--- Recorded information Enclosed Below ---
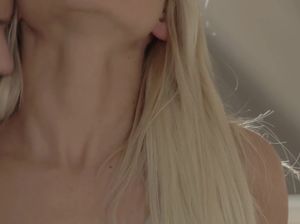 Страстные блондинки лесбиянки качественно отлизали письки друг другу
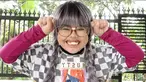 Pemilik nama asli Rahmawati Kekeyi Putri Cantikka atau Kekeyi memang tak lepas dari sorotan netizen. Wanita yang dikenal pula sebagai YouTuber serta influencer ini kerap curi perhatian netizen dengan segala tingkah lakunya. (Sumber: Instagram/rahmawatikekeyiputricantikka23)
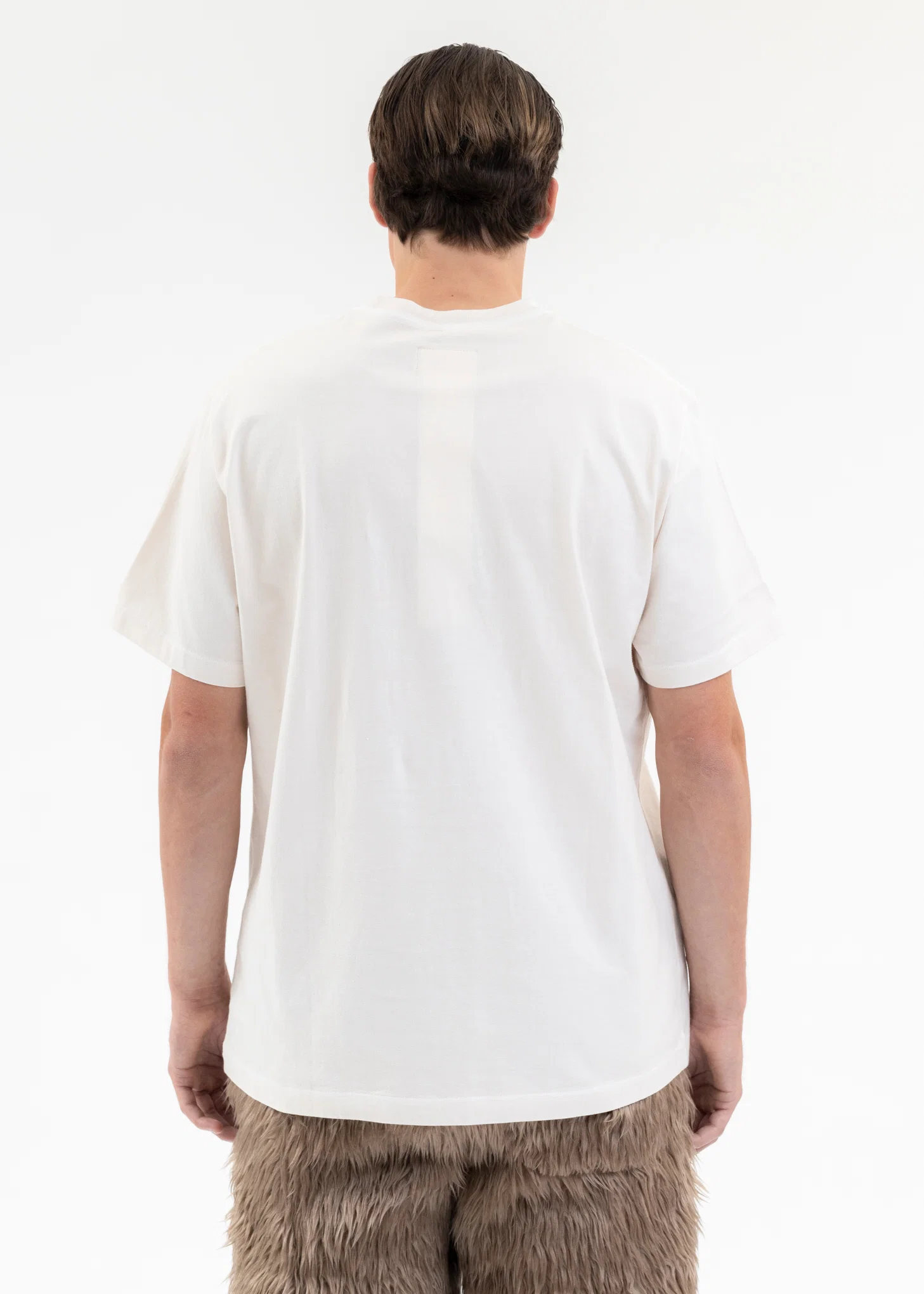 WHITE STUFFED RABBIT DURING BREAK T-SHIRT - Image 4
--- End of Enclosed Recorded information ---
--- Recorded information Enclosed Below ---
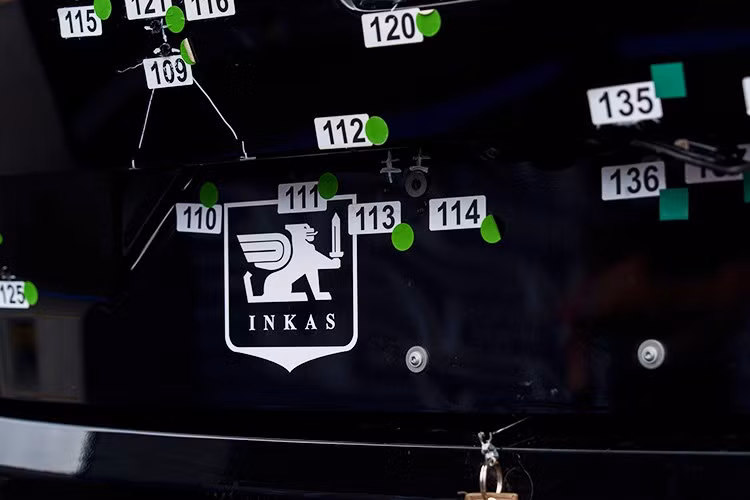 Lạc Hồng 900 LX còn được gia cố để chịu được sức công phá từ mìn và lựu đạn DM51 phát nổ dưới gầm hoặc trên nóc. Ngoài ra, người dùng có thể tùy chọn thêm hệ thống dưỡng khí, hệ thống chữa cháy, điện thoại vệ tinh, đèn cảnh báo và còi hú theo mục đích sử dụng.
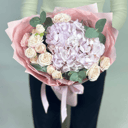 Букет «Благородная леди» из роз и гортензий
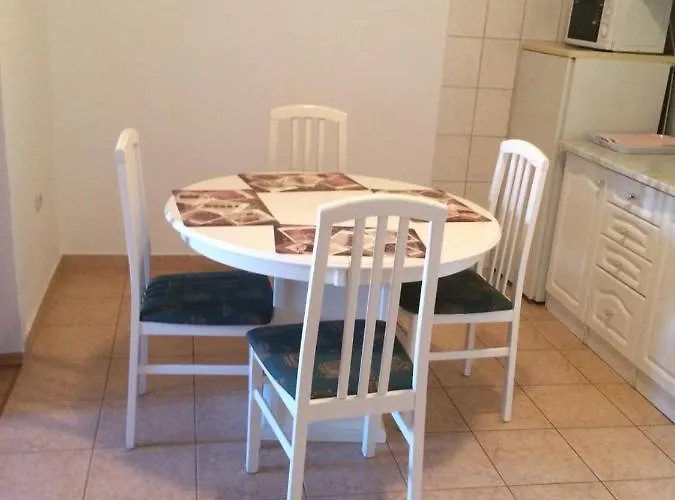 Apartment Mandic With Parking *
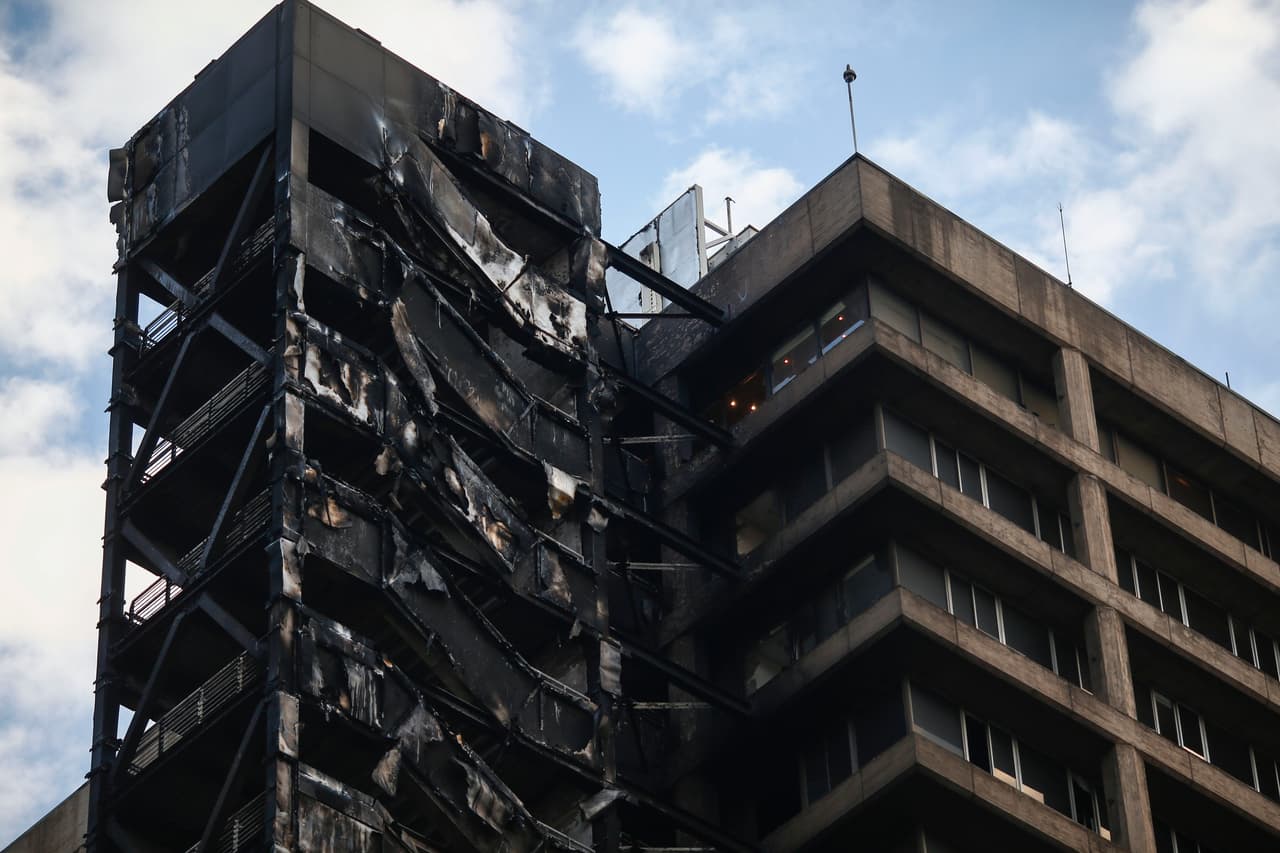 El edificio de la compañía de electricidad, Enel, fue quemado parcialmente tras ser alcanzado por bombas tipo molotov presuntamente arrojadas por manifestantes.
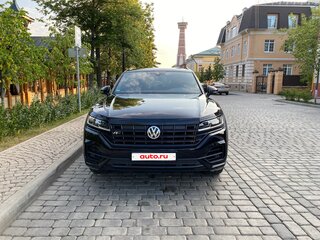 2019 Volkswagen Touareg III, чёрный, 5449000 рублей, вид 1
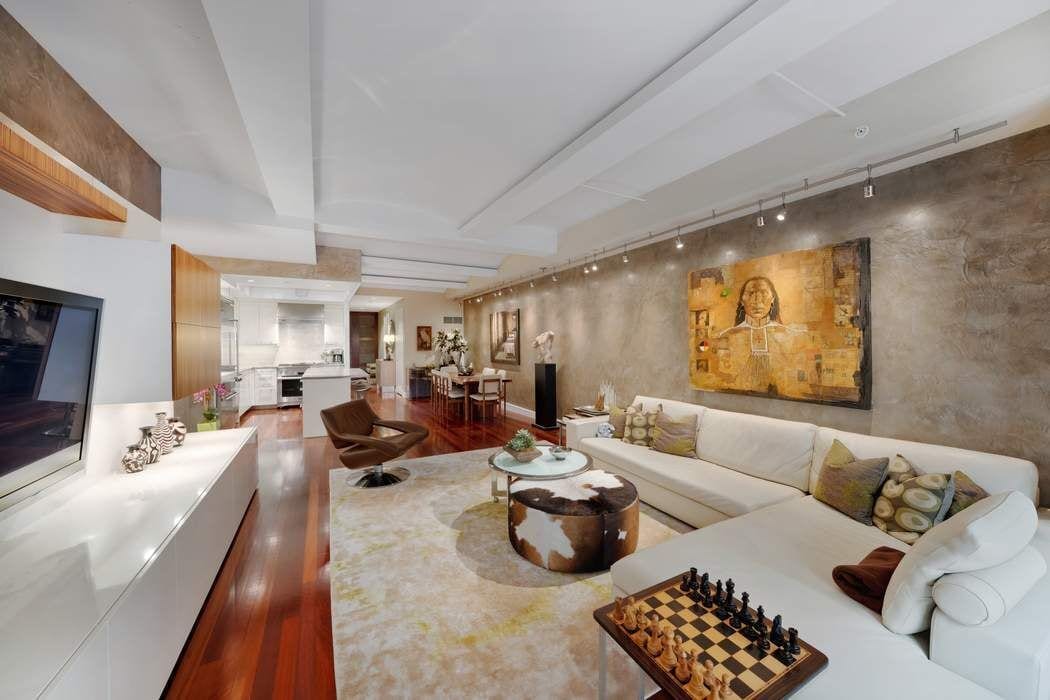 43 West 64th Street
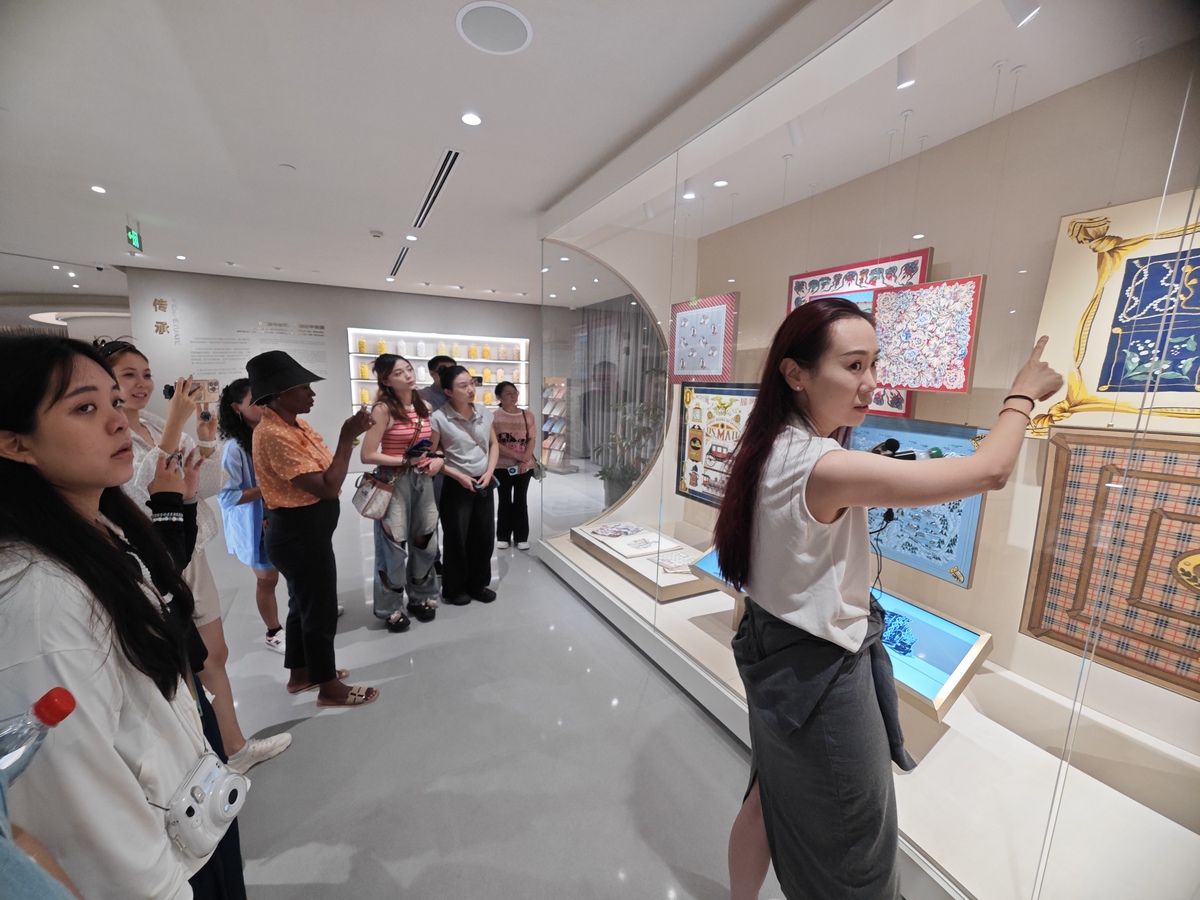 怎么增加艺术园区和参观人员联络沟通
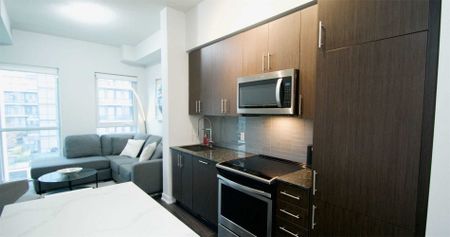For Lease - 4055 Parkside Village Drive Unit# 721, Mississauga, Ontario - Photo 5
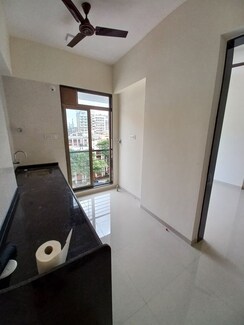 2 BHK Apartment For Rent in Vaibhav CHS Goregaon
--- End of Enclosed Recorded information ---
Required work: Look above for the line with "El edificio de" and the line with "2 BHK Apartment", then restate exactly those two lines and all lines between them, with no pictures.

Solved exercise:
 El edificio de la compañía de electricidad, Enel, fue quemado parcialmente tras ser alcanzado por bombas tipo molotov presuntamente arrojadas por manifestantes.
 2019 Volkswagen Touareg III, чёрный, 5449000 рублей, вид 1
 43 West 64th Street
 怎么增加艺术园区和参观人员联络沟通
For Lease - 4055 Parkside Village Drive Unit# 721, Mississauga, Ontario - Photo 5
 2 BHK Apartment For Rent in Vaibhav CHS Goregaon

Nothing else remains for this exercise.